Byron Menides August 14, 1999 Worcester, MA

Rating: 1 stars
Summary: A no-brainer
Review: No genius this guy. The style of writing is ok - but let's be honest don't we know this? I mean, if you don't know that "Marketing is a strategic activity and discipline focused on the endgame of getting more consumers to buy your product more often so that your company makes more money.", then get out of this line of work. Brain candy for no-brain chief executives who "don't get this marketing thing". Avoid.

Rating: 5 stars
Summary: One Of The Best Marketing Books I have Read
Review: I've read all of Peters' books, and Porter's and Built To Last, and they all are excellent. But Sergio's new book provides one of the best blueprints for actually marketing your product or service -- something the other books don't do. Some reviewers have taken him to task for being too simplistic, but his basic approach takes the magic out of the discipline and connects it to actual sales. That's not simplicity, it's business. Should be required reading for all marketing managers.

Rating: 1 stars
Summary: From the man who brought you New Coke
Review: Better Title: "Marketing As It's Always Been and Always Will Be"

All books have one big idea. The rest of the book wraps itself around that idea to provide factual support, anecdotal imagery and meaningful context.

Zyman's big idea is right there in bold text on page 5: "The Marketing Business is Supposed to Make Money." "The End of Marketing As We Know It" from the title is Zyman's plea that marketing no longer be conducted as if it were a black art, one that cannot be measured or scientifically planned.

Marketing as a black art is a hard metaphor to shake. (Sam Wanamaker is attributed with saying something like: "I know that 50% of my advertising is wasting money. I just don't know which 50%." over 50 years ago.)

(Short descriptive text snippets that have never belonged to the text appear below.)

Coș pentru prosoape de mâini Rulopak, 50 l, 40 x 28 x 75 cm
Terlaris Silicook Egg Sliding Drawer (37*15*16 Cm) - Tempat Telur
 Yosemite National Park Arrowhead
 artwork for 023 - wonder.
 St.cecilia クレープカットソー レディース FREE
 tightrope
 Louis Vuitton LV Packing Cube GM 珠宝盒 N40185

I don't share Zyman's experience with super-sized corporations such as Coca Cola or Microsoft. But as president of a marketing agency for several years and as an independent marketing consultant for many more, I know that when working with small businesses (and that's businesses from $0 in revenue to $100+ Million), return on investment is always the first thing off the CEO's lips. "How is this going to make us money?"

Marketing is about making money. It always has been.

Every now and then a business will succumb to the siren song of the ad agency that, without much research or experience, asks the CEO or marketing director to "just trust us." Those kind of marketing people make it hard on the rest of us.

You see it's not hard to convince a CEO that marketing is working. At least not when it is.

What is hard is convincing a CEO that an up-front investment must be made before the results occur. And that the investment must be continued until the results arrive.

"The End of Marketing As We Know It?" I don't think so. More like "Marketing As It's Always Been and Always Will Be."